Mortgage Approved With an Active Debt Management Plan
A case study showing how a home mover secured a mortgage while in an active Debt Management Plan, with historic missed payments.
- Publication date
- Case ID:
- 66125024
Question:
"Can I get a mortgage if I'm in a Debt Management Plan and have had missed payments in the past?"
Customer situation
Single applicant
Home mover
Permanently employed, with child-related benefits
Around 25% deposit, coming from the sale of a previous property
Standard residential property
An active Debt Management Plan (DMP) covering all unsecured debts
Historic periods of missed payments and arrears on unsecured lending
DMP was being maintained and paid on time
Why This Wasn't Straightforward
Being in an active DMP limits lender choice, particularly where missed payments appear within recent years. Some lenders automatically decline applications with a current DMP, while others apply tighter affordability and loan-to-value restrictions.
The Outcome
Mortgage approved.
A specialist lender was willing to consider the wider picture, including the customer's strong deposit position, stable employment, and evidence that debts were being managed and repaid through the DMP. The application was assessed using manual underwriting rather than automated credit scoring alone.
Key points
- Loan-to-value
- 75%
- Mortgage term
- 30 years
- Lender type
- Specialist lender with a more flexible approach to managed adverse credit
- Mortgage Adviser
- Alex Wright
Who This May
Be Relevant For
Applicants applying for a mortgage while in a Debt Management Plan (DMP)
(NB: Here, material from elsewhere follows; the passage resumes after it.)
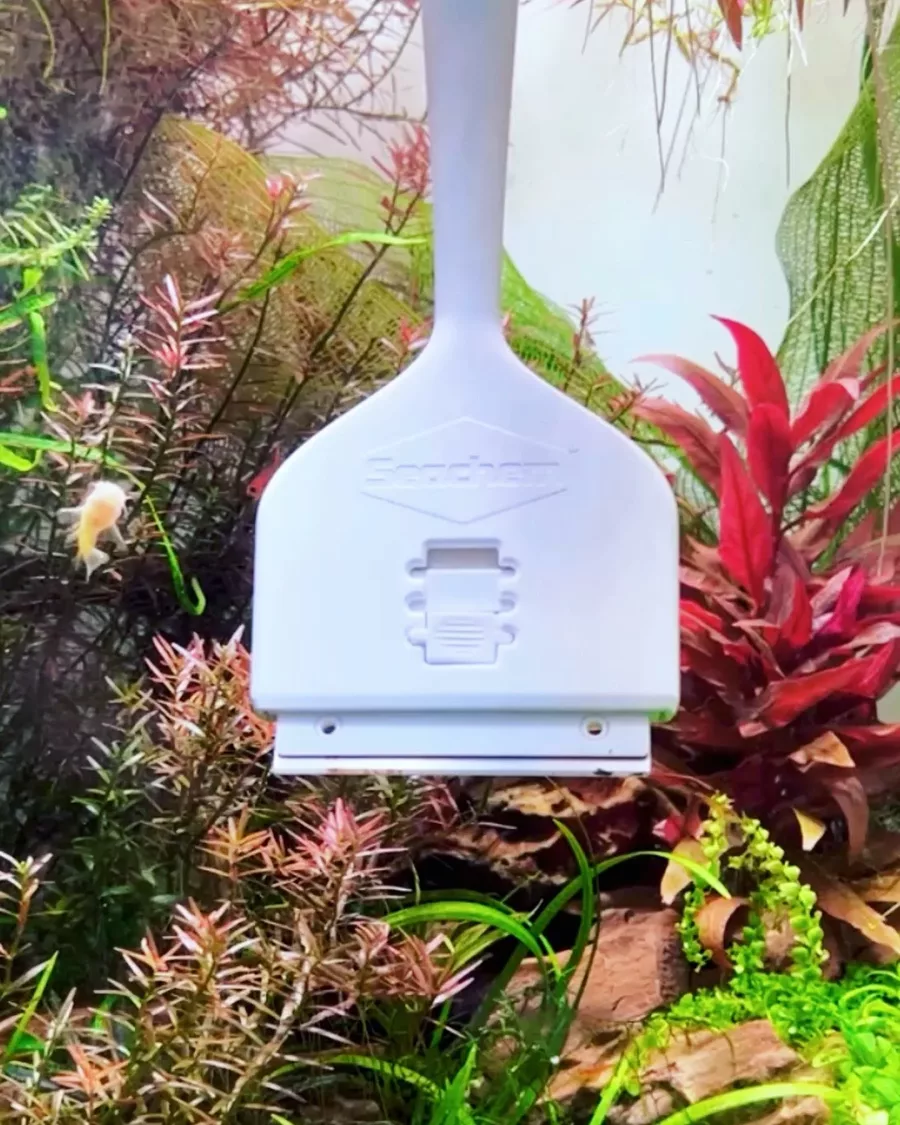 Seachem Algae Scraper [31cm] - czy�cik do szyb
Buyers worried an active DMP automatically rules out a mortgage
Home movers declined for a mortgage due to a current DMP
Applicants unsure whether lenders will consider a mortgage alongside an active DMP
Plain-English Summary
This case shows that being in a DMP does not automatically rule out a mortgage. Where debts are being managed and repayments are being maintained, some lenders are still willing to take a balanced view.